Task instructions: Every line below from the one with "UGG- Women's size" through the one with "A spacious lobby" is to be repeated exactly, with no picture among them.

The records:
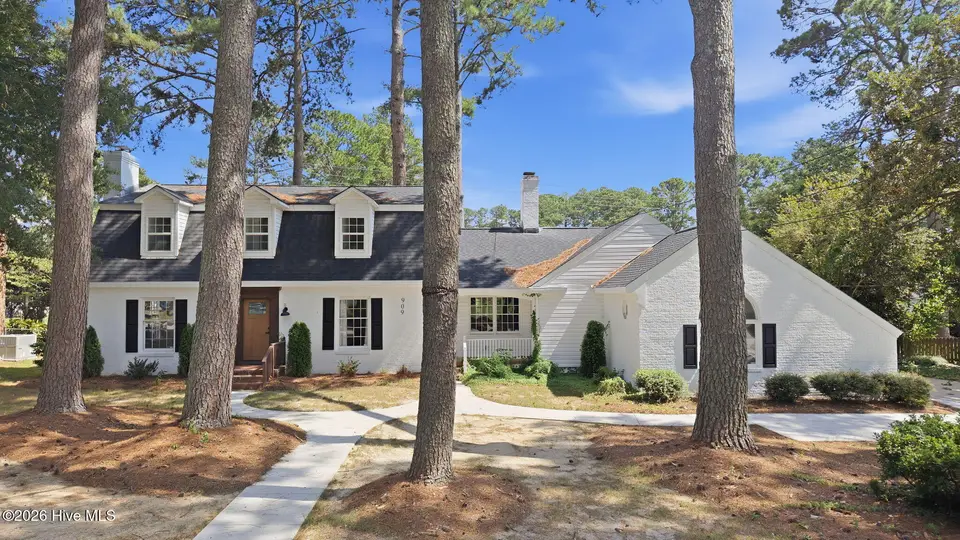 909 Parkside Drive NW, Wilson, NC 27896 – photo 1 of 62: 3-web-or-mls-DJI_20260818145743_0090_D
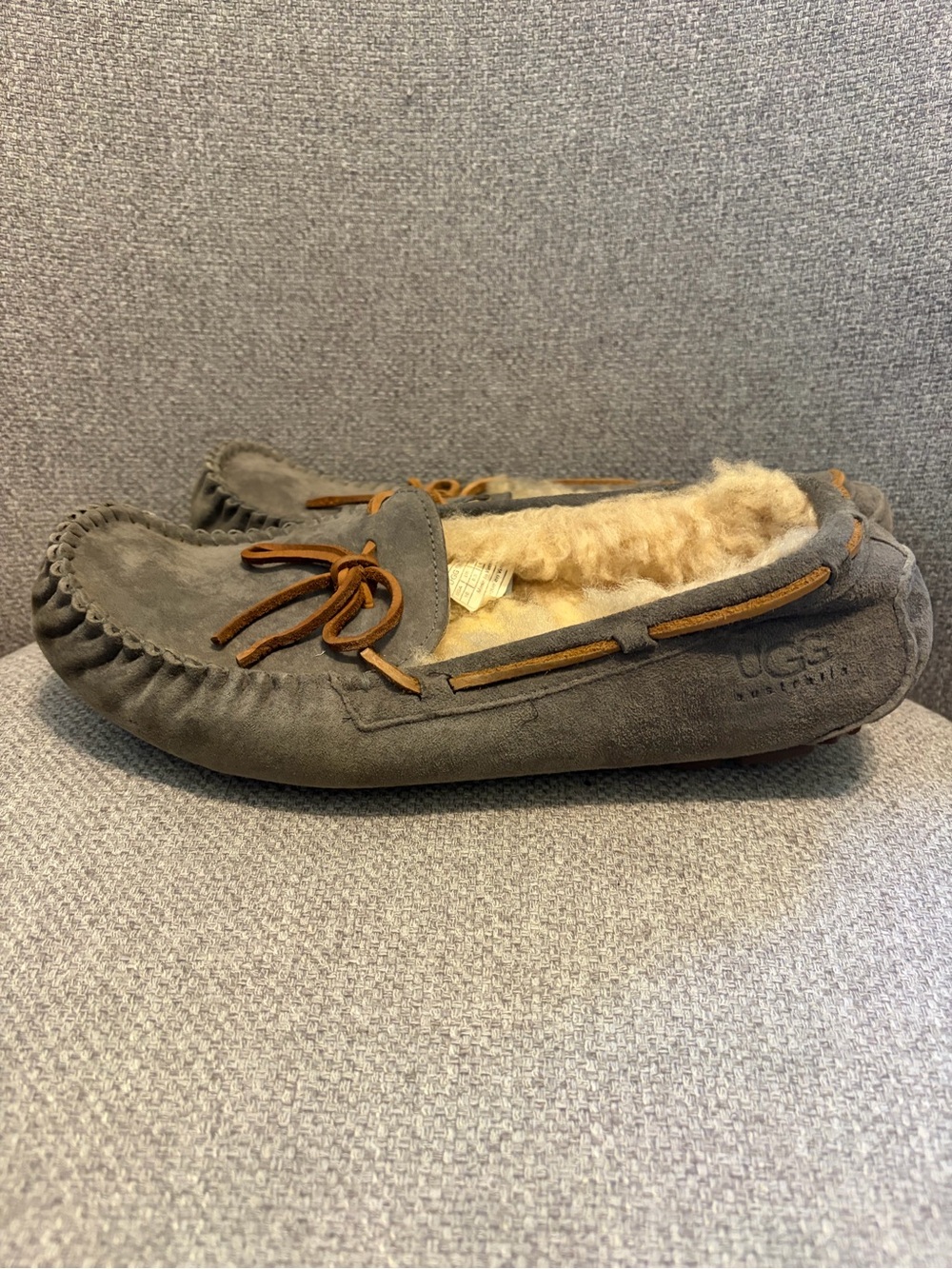 UGG- Women's size 10 Dakota Slipper in the Pewter / Charcoal Grey colorway.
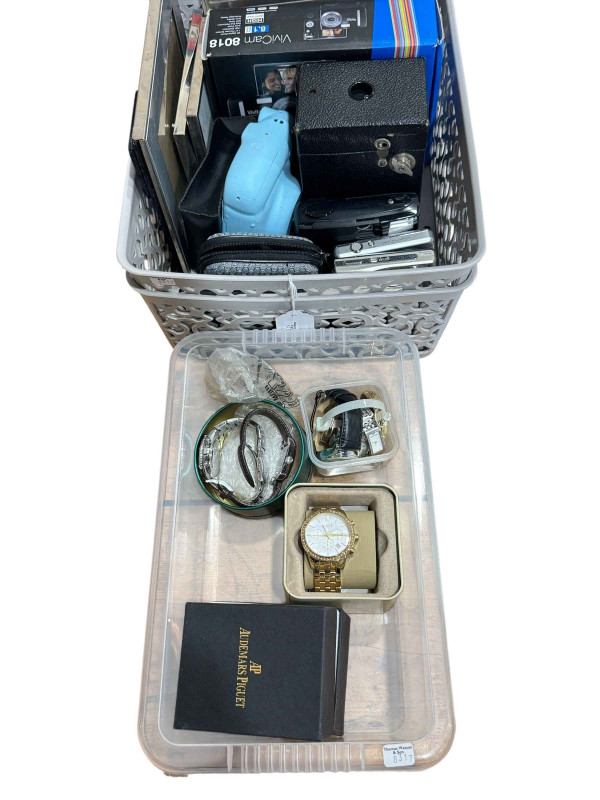 Two boxes with watches, cameras and photograph frames.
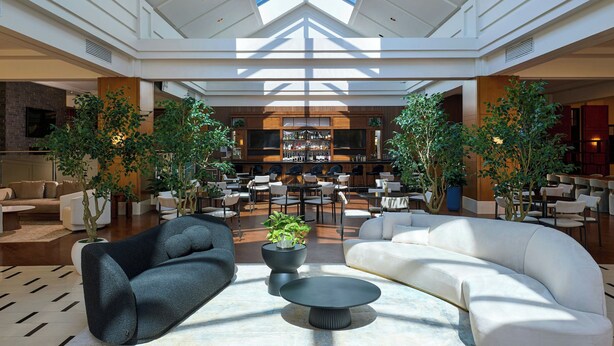 A spacious lobby with modern furniture, a bar area, and large windows allowing natural light. - Detroit Marriott Troy (Troy)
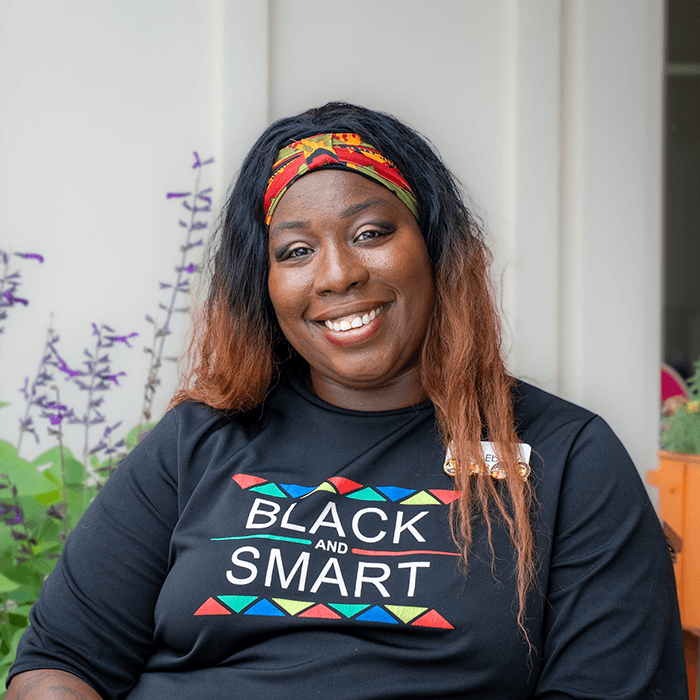 Ebony Brinson-Moss, Activities and Event Coordinator at Bella Groves, leading engaging memory care activities for residents in our residential dementia care community.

Output of the task:
 UGG- Women's size 10 Dakota Slipper in the Pewter / Charcoal Grey colorway.
 Two boxes with watches, cameras and photograph frames.
 A spacious lobby with modern furniture, a bar area, and large windows allowing natural light. - Detroit Marriott Troy (Troy)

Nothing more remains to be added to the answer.